Abstract

Tetrameric cholinesterase from horse serum undergoes concentration-dependent dissociation. The dimer is highly stable so that even on SDS polyacrylamide gels subunit dissociation to the 80-kDa polypeptide chains is incomplete. Glutaraldehyde cross-linking confirms this finding, giving rise to a tetramer: dimer ratio of approximately 1:1. The beta-adrenergic agent isoproterenol acts as an inhibitor of the enzyme with respect to butyrylthiocholine hydrolysis; inhibition kinetics point to a dissociative effect of the ligand as the underlying mechanism (Söylemez, Z. & Ozer, I. (1985) Comp.

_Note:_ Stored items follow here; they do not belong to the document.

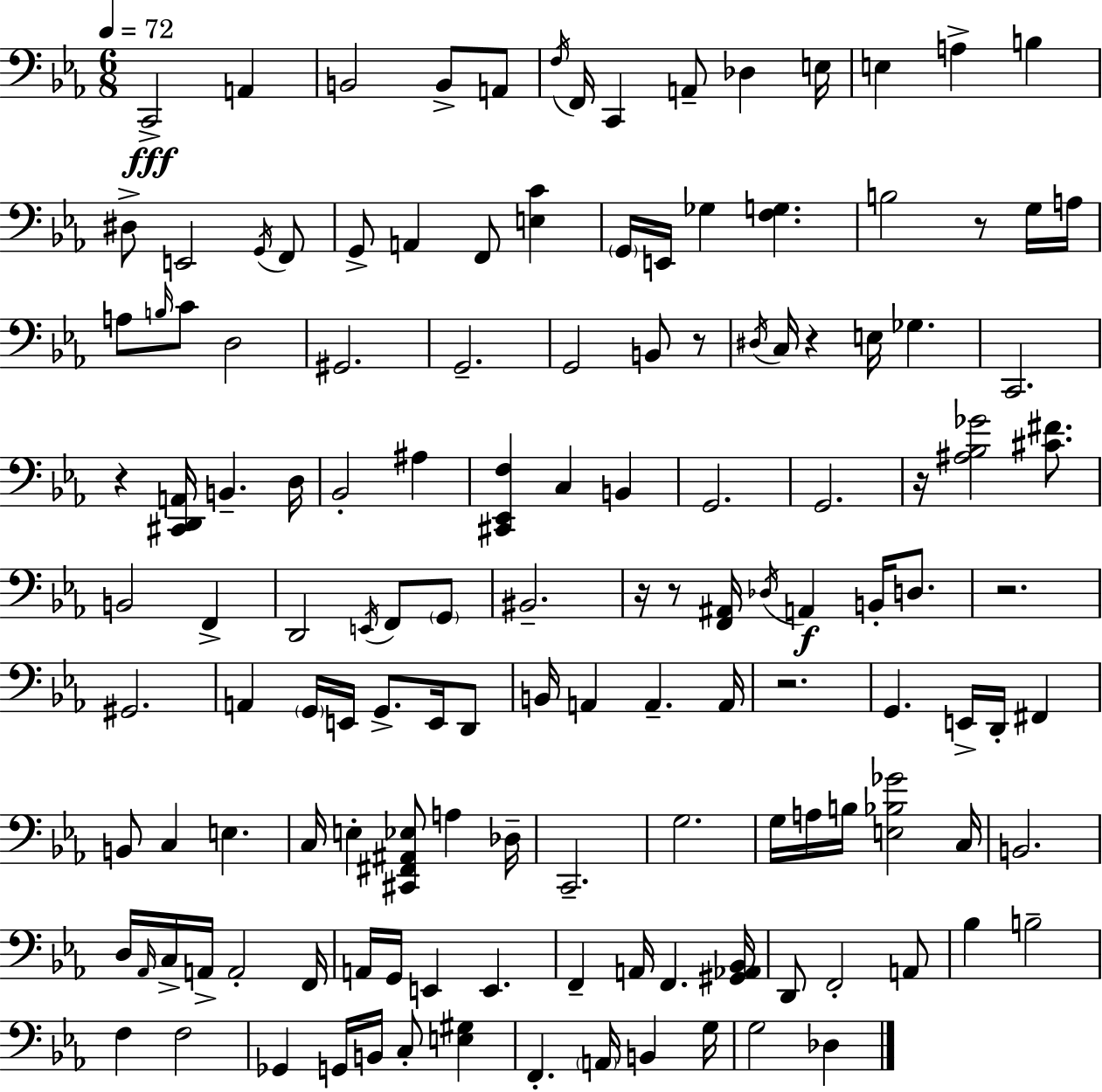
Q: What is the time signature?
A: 6/8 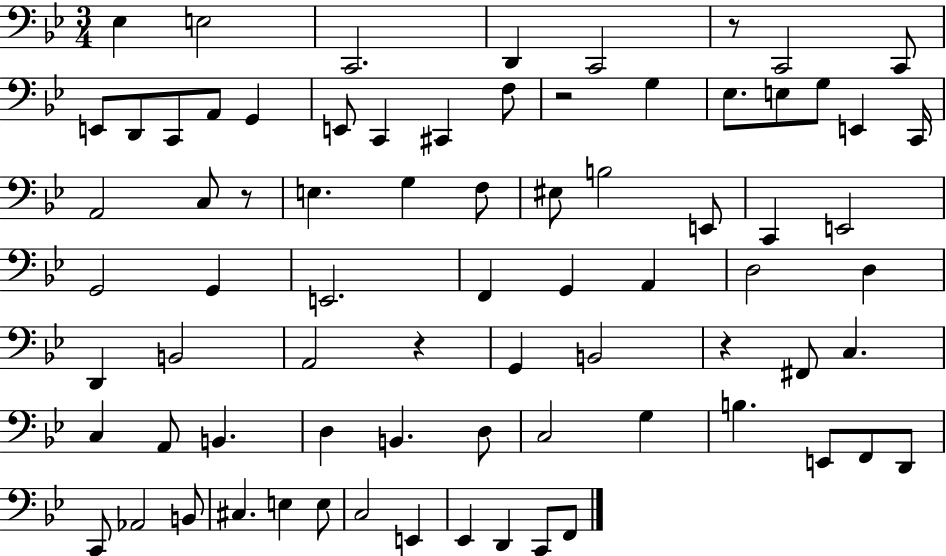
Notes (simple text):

Eb3/q E3/h C2/h. D2/q C2/h R/e C2/h C2/e E2/e D2/e C2/e A2/e G2/q E2/e C2/q C#2/q F3/e R/h G3/q Eb3/e. E3/e G3/e E2/q C2/s A2/h C3/e R/e E3/q. G3/q F3/e EIS3/e B3/h E2/e C2/q E2/h G2/h G2/q E2/h. F2/q G2/q A2/q D3/h D3/q D2/q B2/h A2/h R/q G2/q B2/h R/q F#2/e C3/q. C3/q A2/e B2/q. D3/q B2/q. D3/e C3/h G3/q B3/q. E2/e F2/e D2/e C2/e Ab2/h B2/e C#3/q. E3/q E3/e C3/h E2/q Eb2/q D2/q C2/e F2/e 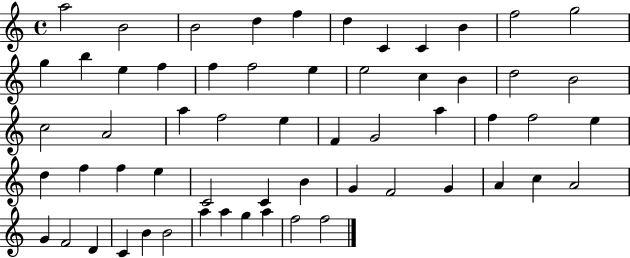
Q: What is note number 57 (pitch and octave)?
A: A5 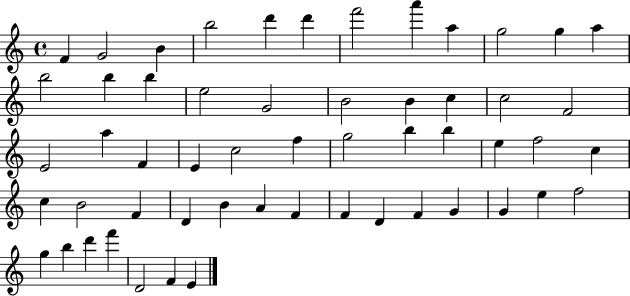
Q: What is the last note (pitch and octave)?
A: E4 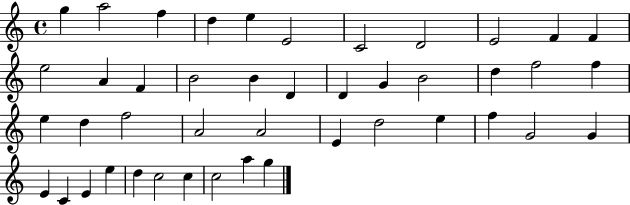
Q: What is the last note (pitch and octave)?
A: G5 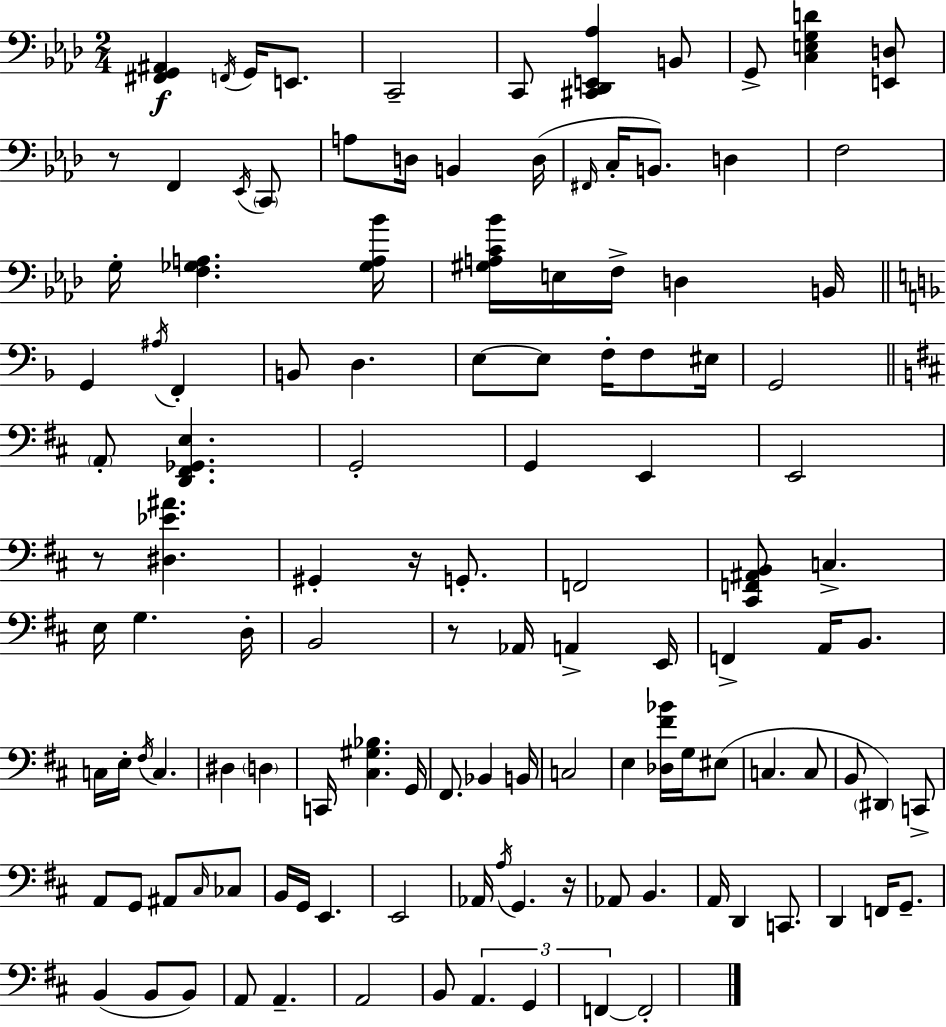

Biochem. Physiol. 81c, 433-437). Evidence from sedimentation analysis confirms this hypothetical mechanism: the sedimentation coefficient in the presence of saturating concentrations of both the substrate butyrylthiocholine and the inhibitor isoproterenol shows a 35 +/- 5% decrease; in high speed sedimentation equilibria the weight average molecular mass is shifted from the tetramer (Mr = 312 +/- 12 kDa) to the dimer (Mr = 160 +/- 10 kDa). The transition is complete at isoproterenol concentrations below saturation. Applying glutaraldehyde cross-linking to monitor the particle distribution at varying isoproterenol concentrations confirms the change in quaternary structure in a qualitative way. Enzyme concentrations applied in the present experiments are in the range of the concentration of cholinesterase in horse serum. Therefore the dissociative mechanism of isoproterenol on the enzyme may be of biological significance.